### Material shown
▼

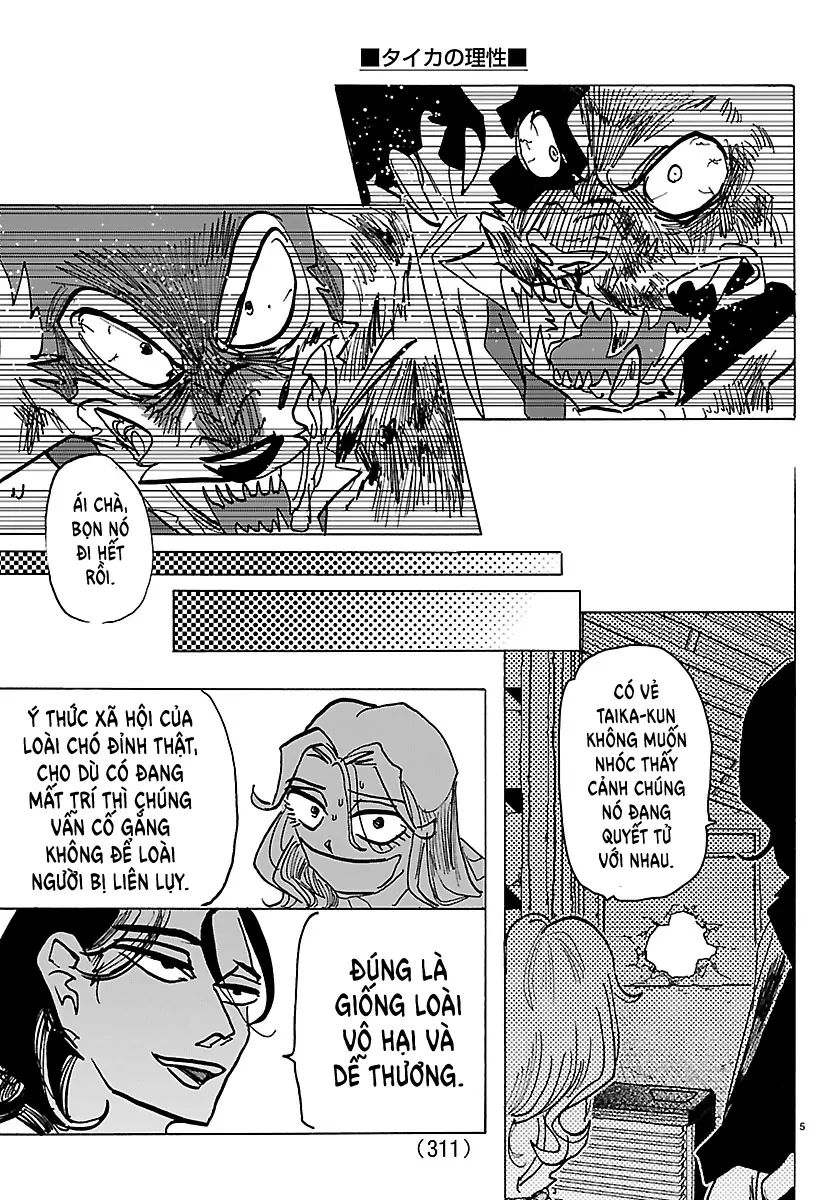 Lý Trí Của Taika Chapter 42 - 5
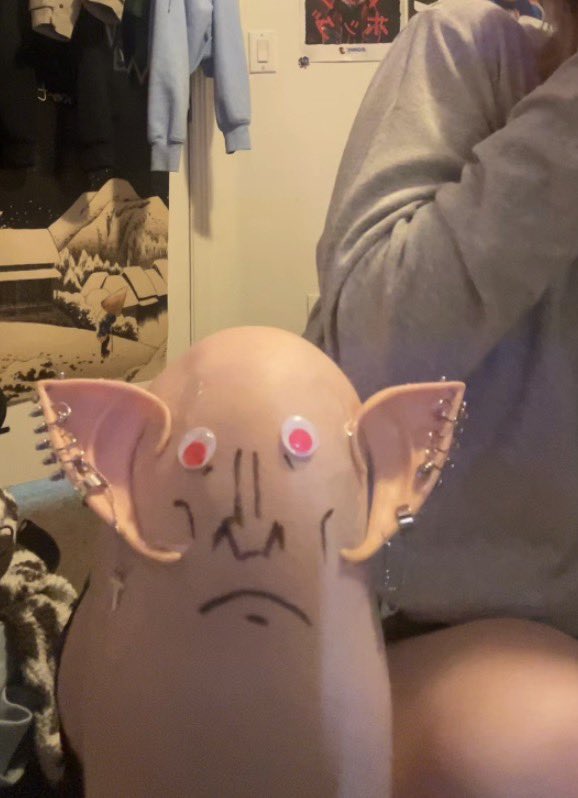 whizzer LIVE ˙⋆✮ tweet media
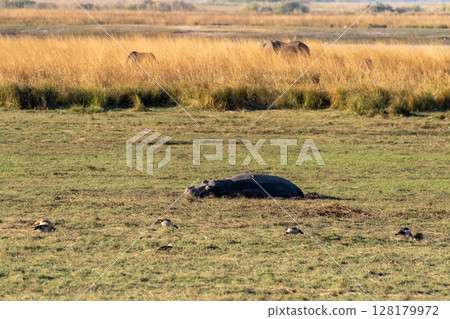Hippo resting on land Hippo resting on land 128179972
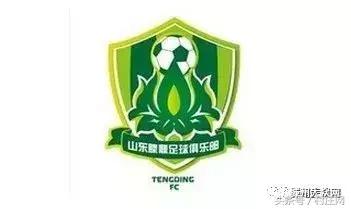 王栋中超足球队,王栋足球运动员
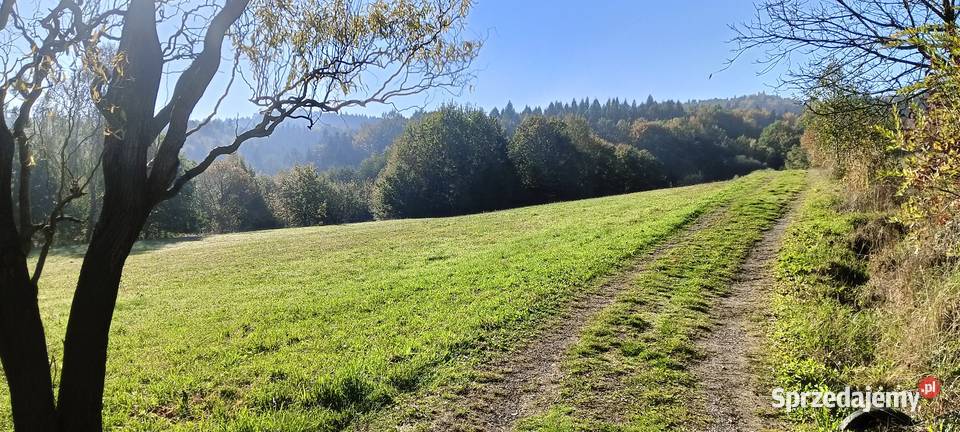 Sprzedam gospodarstwo rolne Jodłowa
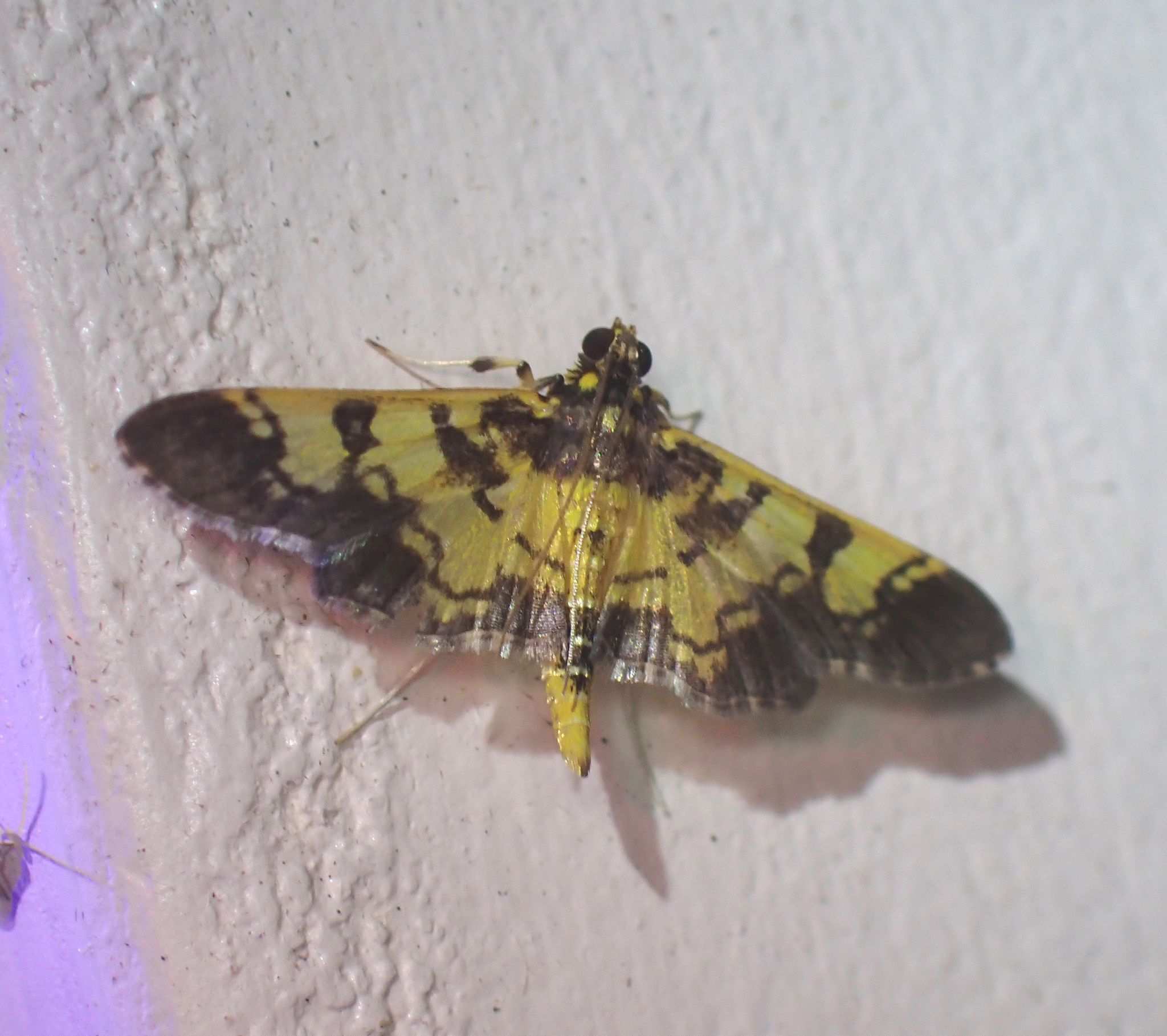 Ategumia dilecticolor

▲

### What the task asks
Give the lines from the one containing "Hippo resting on land Hippo" through the final line of the material again, exactly and in full, but without pictures.

### Answer below
Hippo resting on land Hippo resting on land 128179972
 王栋中超足球队,王栋足球运动员
 Sprzedam gospodarstwo rolne Jodłowa
 Ategumia dilecticolor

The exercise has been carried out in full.